La escolarización plena duró poco tiempo en lo que el burócrata capitalino llamó Colegio Público de Barrio Costa. Justo lo que tardó en instalarse la Intercasa en la zona donde hoy está el Polígono Industrial de Las Majoreras. El trabajo aquí estaba al alcance de niños de cinco años hacia arriba y alguno de esa edad llegó a probarse ante los tableros, siquiera fuera para irse entrenando. Consistía el negocio en derramar en tableros colocados en tarimas de bloques los tomate que sobraban en los almacenes del Sur-Sureste para que el sol y el tiempo los madurasen. En ese proceso muchos tomates se pudrían y había que quitarlos con las manos, coger los buenos y quitarles la flor y meterlos en cajas que se llevaban a la fábrica que Vicente Calderón tenía en Guanarteme y de donde salía la mermelada y la conserva con la que nos hacían nuestras madres los bocadillos para desayunos, meriendas y cenas.
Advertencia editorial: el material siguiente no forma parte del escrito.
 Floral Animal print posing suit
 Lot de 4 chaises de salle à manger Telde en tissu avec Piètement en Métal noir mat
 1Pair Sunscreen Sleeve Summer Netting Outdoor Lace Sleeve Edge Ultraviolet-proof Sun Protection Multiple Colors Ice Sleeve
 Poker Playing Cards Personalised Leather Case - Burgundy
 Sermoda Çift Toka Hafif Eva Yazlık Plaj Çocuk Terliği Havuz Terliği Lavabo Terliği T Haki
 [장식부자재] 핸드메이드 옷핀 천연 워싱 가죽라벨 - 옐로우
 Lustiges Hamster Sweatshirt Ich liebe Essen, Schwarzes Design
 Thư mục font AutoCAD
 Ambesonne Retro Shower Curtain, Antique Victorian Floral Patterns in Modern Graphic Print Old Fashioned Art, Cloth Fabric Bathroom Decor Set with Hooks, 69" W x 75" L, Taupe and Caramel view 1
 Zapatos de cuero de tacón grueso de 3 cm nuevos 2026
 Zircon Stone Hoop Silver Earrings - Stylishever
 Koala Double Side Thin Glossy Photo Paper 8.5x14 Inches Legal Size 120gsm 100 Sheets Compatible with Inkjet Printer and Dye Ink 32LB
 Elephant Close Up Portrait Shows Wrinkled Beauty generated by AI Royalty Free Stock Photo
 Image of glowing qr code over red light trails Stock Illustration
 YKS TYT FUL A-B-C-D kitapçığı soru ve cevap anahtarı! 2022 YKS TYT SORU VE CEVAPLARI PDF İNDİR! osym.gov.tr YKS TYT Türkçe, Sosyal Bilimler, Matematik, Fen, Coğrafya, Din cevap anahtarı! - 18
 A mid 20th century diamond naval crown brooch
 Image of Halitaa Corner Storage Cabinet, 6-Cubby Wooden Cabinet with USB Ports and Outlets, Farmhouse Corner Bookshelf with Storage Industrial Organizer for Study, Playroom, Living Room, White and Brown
Todo sabía a tomate.
La caja de tomates desfloriados y limpios se pagaba a 1,50 pesetas la unidad, lo que permitía que un chiquillo de siete a diez años hiciera trabajando de sol a sol veinte cajas, como mínimo. Seis duros que venían como agua de mayo a sus familias. En algunos casos, como los de Matildita, la viuda, y los Pacheco, con seis o siete miembros trabajando sin tino ni descanso en la Intercasa, se sacaban sueldos semanales que en los tomateros no se veían ni a final de zafra, por muy buena que hubiera sido.
Así las cosas, a los chiquillos se les quitaba del colegio o no se les dejaba ir, se le echaba la culpa al destino y se aprovechaba una mano de obra que empezaba ser rentable apenas caminaba, para que se asombren nuestros jóvenes con el trabajo de los niños esclavos. Muchos de sus abuelos lo fueron en esa época, en esos cultivos y en aquella Intercasa.
La milagrosa intervención de doña Candelaria Ramírez, que por lo visto dedujo que un servidor tenía algo más que pelos en la cabeza, hizo que mis padres me dejaran ir por las tardes a clases particulares con ella, después de coger muy temprano la comida de las cabras y pasar el resto del día en la Intercasa, llenando cajas de tomates.
Las enciclopedias «Santiago Álvarez, 1º Y 2º grado» pasaron del papel al cerebro en apenas un año. Quería saberlo todo, aprenderlo-y aprehenderlo- todo. A los trece años entendía que tenía que salir de aquel Macondo cerrado, verlo desde fuera y prepararme para no pasarme la vida encorvado sobre los surcos. Y, así, un día llegó mi padre medio asfixiado a la Intercasa, con un coche alquilado y me dijo que teníamos que estar en apenas una hora en el Instituto Laboral de Telde, donde me iban a examinar para la posible concesión de una beca rural y el correspondiente ingreso en el instituto. Doña Candelaria había organizado todo el papeleo y allí me veo yo, en un aula repleta de aspirantes a las becas y sin sitio para poder sentarme a hacer el examen. En la única mesa del aula estaba sentado un profesor que tuvo la gentileza de dejarme el sitio para que pudiera cumplir con mi tarea. Era don Virgilio Díez Puebla, que luego sería uno de mis profesores preferidos y al que tuve ocasión de rendirle homenaje y dedicarle unas palabras a su memoria, hace poco, con motivo de descubrirse una calle con su nombre en la Hoya de San Juan, en Telde.
A las pocas semanas llegó la carta salvadora: había sacado un sobresaliente en el examen y, por lo tanto, el Estado me concedía una beca de 10.800 pesetas. Adiós a los surcos, siempre y cuando mantuviera la beca hasta el final. Ese fue el trato con mis padres, aparte de que por las tardes seguía apartando tomates en la Intercasa. Se estudiaba por la noche a la luz de una vela o del carburo, pero no importaba. Lo importante era que se podía volar y volver, ver desde dentro y desde fuera. Retratar ese mundo, con el paso del tiempo y hacer justicia a tantos y tantas que dieron su vida en el verdín del tomate, en los tableros, en las redes de la mar, en el maldito asfalto. En eso estamos, pero queden hasta aquí estos retazos, trozos de historia y vida de ese particular Macondo que sobrevive ignorando su rica y variada historia y su papel en lo que significó la zafra del tomate para la Isla.